11. Mr Rai urged me to find not only that the Judge materially erred for the reasons given in the grounds but also that it was now open to me to remake this decision by allowing the appeal.
12. I find that there is here a material error of law. During the course of the hearing Mr Whitwell accepted were I to find ground 3 made out then grounds 1 and 2 would fall by the wayside. That is the exact position. The Judge has failed to provide sufficient and/or any proper reason for why the Appellants cannot succeed under Article 8. In fact only one reason has been given as to why Article 8 is not engaged and that is that the family has sought to make their lives in two separate countries. Paragraph 39 of Rai states: -
"39. The Upper Tribunal judge referred repeatedly to the appellant's parents having chosen to settle in the United Kingdom, leaving the appellant in the family home in Nepal. Each time he did so, he stressed the fact that this was a decision they had freely made: "? not compulsory but ? voluntarily undertaken ?" (paragraph 20), "? having made the choice to come to the [United Kingdom]" (paragraph 21), "? the willingness of the parents to leave ?" (paragraph 23), and "? their voluntary leaving of Nepal and leaving the Appellant ?" (paragraph 26). But that, in my view, was not to confront the real issue under article 8(1) in this case, which was whether, as a matter of fact, the appellant had demonstrated that he had a family life with his parents, which had existed at the time of their departure to settle in the United Kingdom and had endured beyond it, notwithstanding their having left Nepal when they did."
13. I am satisfied that the Judge has given inadequate reasons for dismissing the appeal under Article 8. The Judge's analysis has not taken into account the totality of his findings. Having come to that conclusion, and irrespective of it, I am satisfied that grounds 1 and 2 are also made out.
14. I have carefully considered whether I can go on to remake the decision in this appeal. I conclude that for all the reasons set out in the grounds the decision of the First-tier Tribunal contains errors of law and has to be set aside in its entirety. In the circumstances it is appropriate for these appeals to be heard again and for the totality of the evidence in relation to both private and family life to be reconsidered and all matters decided afresh by the First-tier Tribunal.

Decision

The making of the decision of the First-tier Tribunal involved the making of an error on a point of law. The decision is set aside. The appeal is remitted to the First-tier Tribunal to be dealt with afresh, pursuant to Section 12(2)(b)(i) of the Tribunals, Courts and Enforcement Act 2007 and Practice Statement 7.2(b), before any Judge aside from Judge Anstis.
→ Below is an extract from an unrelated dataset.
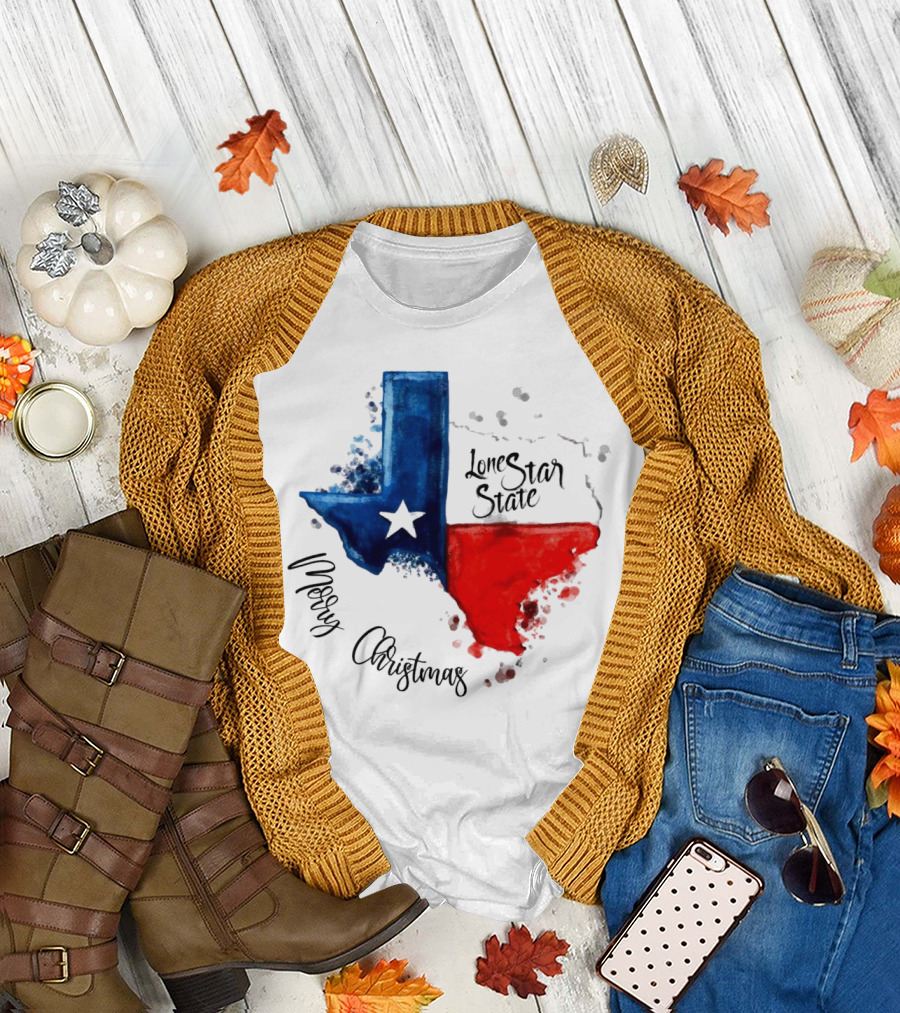 Texas Flag Lone Star State Merry Christmas T-Shirt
Direction Regarding Anonymity - Rule 14 of the Tribunal Procedure (Upper Tribunal) Rules 2008

Unless and until a Tribunal or court directs otherwise, the appellant is granted anonymity. No report of these proceedings shall directly or indirectly identify him or any member of their family. This direction applies both to the appellant and to the respondent. Failure to comply with this direction could lead to contempt of court proceedings.